The 2020 Index shows that 54% of the continent’s countries – a record percentage – are accessible to African travelers without needing a visa to travel or being able to obtain one upon arrival (+ 9% since 2016). In 2020, The Gambia joined Seychelles and Benin as a country allowing Africans entry into their territories without visas. Twenty countries rose in the Index rankings while fifty of them improved or maintained their scores. The report reveals a significant increase in the number of electronic visas, made available by twenty-four African countries.

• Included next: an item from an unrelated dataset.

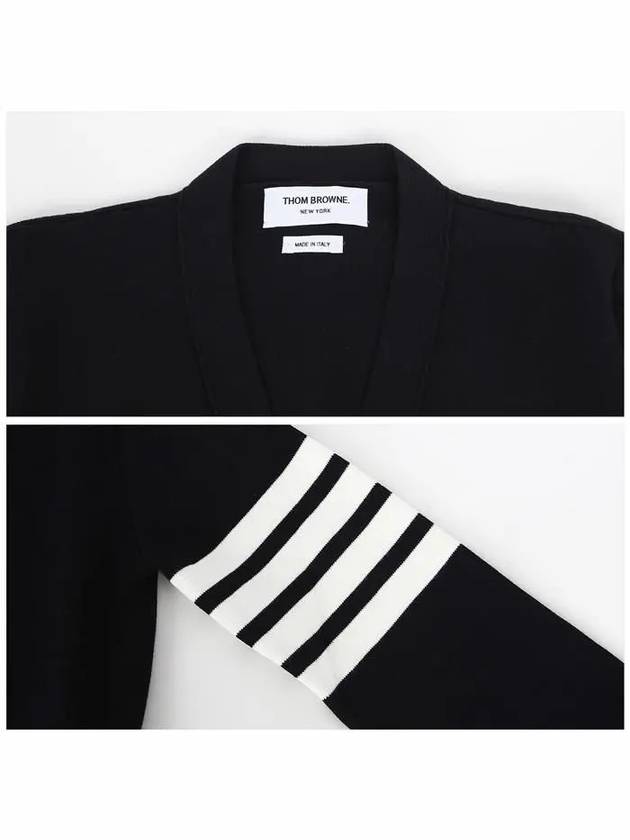 Cotton 4-Bar Milano Classic V-Neck Cardigan Navy - THOM BROWNE - BALAAN 6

Despite the gains made, the results show that Africans still need visas to travel to 46% of countries on the continent. Countries in East and West Africa score the best among the best performing countries and serve as examples for other regions. The findings, which emerge from the Index, highlight the need to prioritize visa openness responses in large and small economies, with the biggest gains going to business, investment, innovation and tourism. Further facilitate the free movement of persons,

goods and services will become even more important from January 1, 2021, the date of the start of trade under the African Continental Free Trade Area (AfCFTA).

« As the evolving repercussions of the Covid-19 pandemic show, countries must increasingly look beyond their national borders to improve their economic prospects, » said Khaled Sherif, vice president of the Bank African Development Agency, responsible for regional development, regional integration and service delivery. Opening up to visas will help Africa reposition its future growth.  »

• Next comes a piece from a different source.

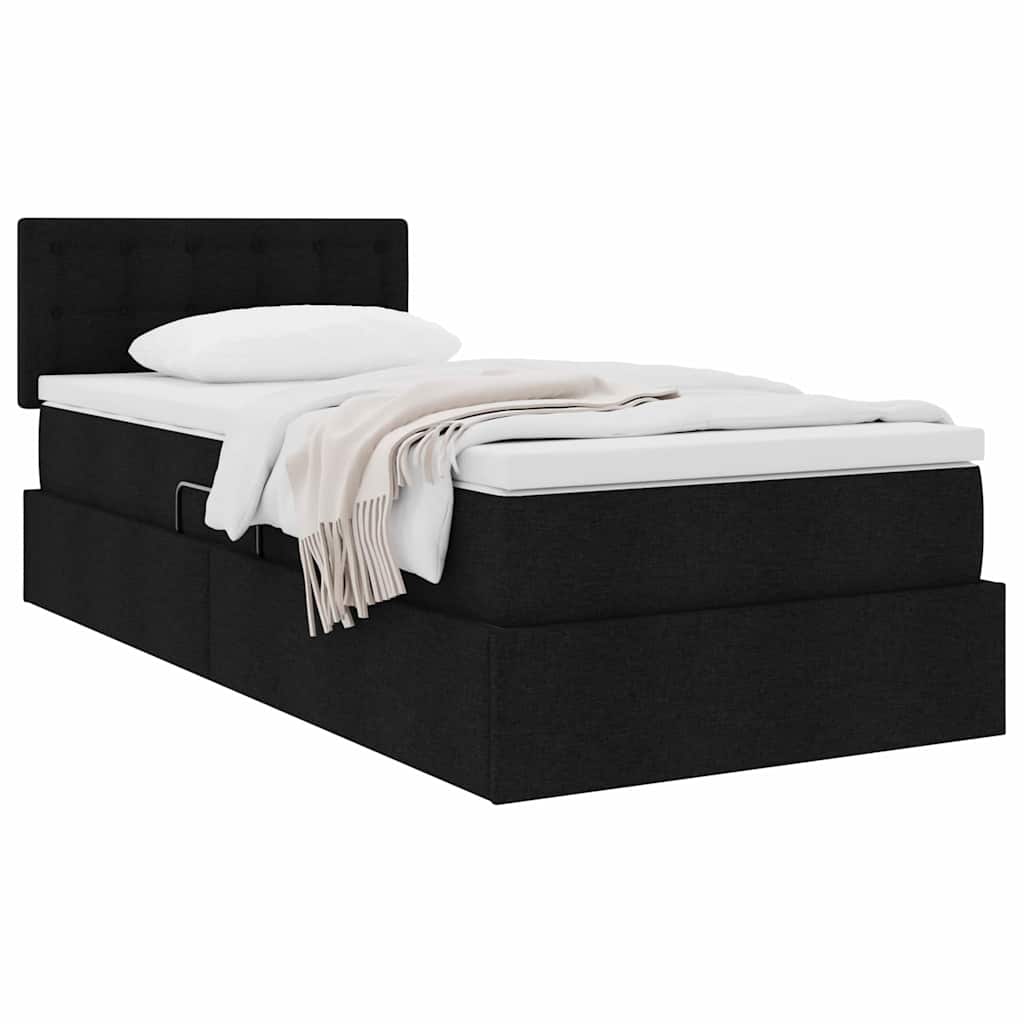 Letto con contenitore e materasso Nero 100 x 200 cm | homemem39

Nearly half of destinations in Africa are experiencing easing of travel restrictions, in line with pandemic management plans. However, travel safety and security remains at the forefront of the minds of policymakers and citizens when it comes to opening borders as governments update their travel authorization rules. .

“As the time has come to reopen and safely revive economies in Africa, it is imperative to put in place measures that propel the continent and all of its citizens into the future. Liberalizing a country’s visa requirements is a political tool that can be quickly adopted to achieve this, ”said Ambassador Kwesi Quartey, vice-chair of the African Union Commission.